■ **MATERIAL FOR THE TASK**:
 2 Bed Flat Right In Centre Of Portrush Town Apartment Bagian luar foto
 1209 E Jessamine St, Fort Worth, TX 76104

---

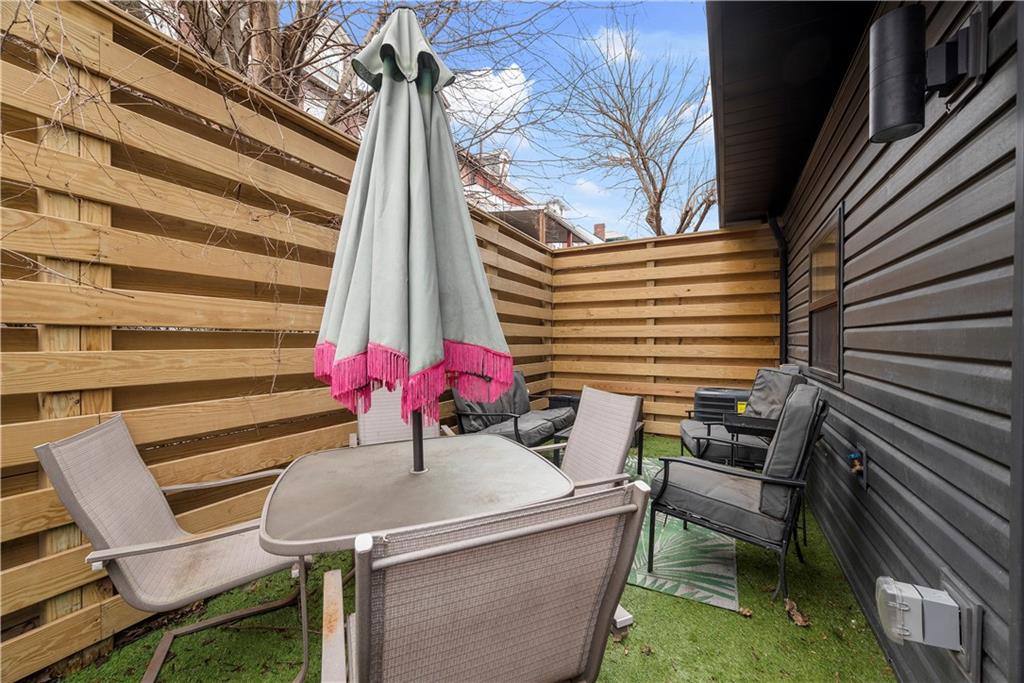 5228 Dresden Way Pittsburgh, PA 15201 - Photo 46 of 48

■ **WORK TASK**: Your task is to retype the entries verbatim, starting with the line that holds "2 Bed Flat Right" and stopping after the line that holds "1209 E Jessamine St, Fort Worth, TX 76104".

■ **WRITTEN SOLUTION**:
 2 Bed Flat Right In Centre Of Portrush Town Apartment Bagian luar foto
 1209 E Jessamine St, Fort Worth, TX 76104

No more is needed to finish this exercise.